"Wiem, że w procesach wyborczych tego rodzaju spraw nie da się wyjaśnić" - mówił premier w radiowych "Sygnałach Dnia". Chodzi o wypowiedź Tuska w sprawie rzekomego uwłaszczenia środowiska Porozumienia Centrum na majątku RSW poprzez Fundację Prasową Solidarności. Szef PO powiedział w wywiadzie dla "Newsweeka", że ma dokumenty na ten temat i uważa, że odbyło się to "w sposób sprytny, ocierający się o prawo, ale go nie łamiący".

Reklama

"Żeby było jasne: nikt na niczym się nie uwłaszczył. Ja nie miałem majątku i nie mam majątku, chociaż rzeczywiście miałem wpływ na fundację" - powiedział premier. Dodał, że od lat już się nią nie zajmuje. "Wszystko było całkowicie legalne" - dodał.

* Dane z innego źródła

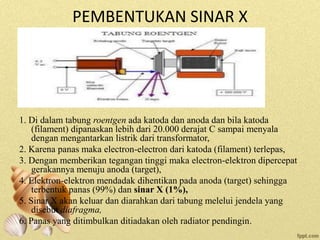 PEMBENTUKAN SINAR X
1. Di dalam tabung roentgen ada katoda dan anoda dan bila katoda
(filament) dipanaskan lebih dari 20.000 derajat C sampai menyala
dengan mengantarkan listrik dari transformator,
2. Karena panas maka electron-electron dari katoda (filament) terlepas,
3. Dengan memberikan tegangan tinggi maka electron-elektron dipercepat
gerakannya menuju anoda (target),
4. Elektron-elektron mendadak dihentikan pada anoda (target) sehingga
terbentuk panas (99%) dan sinar X (1%),
5. Sinar X akan keluar dan diarahkan dari tabung melelui jendela yang
disebut diafragma,
6. Panas yang ditimbulkan ditiadakan oleh radiator pendingin.
 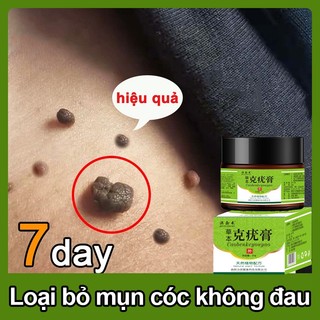 Kem mụn cóc Kem tẩy mụn cóc 20g Loại bỏ mụn cóc thông thường Mụn đá Mụn cơm Mụn cóc dạng sợi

Premier przekonywał, że fundację kupiono. "Nie dostaliśmy tego, ale to zostało zakupione w stanie bardzo niedobrym" - dodał.

Według Jarosława Kaczyńskiego, fundacja przyczyniła się do rozwoju polskiej prasy. "Takie pisma jak <Nowy Świat>, <Nowe Państwo>, jak tygodnik <Centrum>, pismo <Obserwator>, momentami takie pisma jak <Fronda> i wiele, wiele innych wychodziło dzięki tej fundacji" - mówił premier. "Poza tym fundacja przeprowadziła też bardzo duże inwestycje, żeby jej majątek był coś wart, żeby przynosił jakieś dochody" - dodał szef rządu.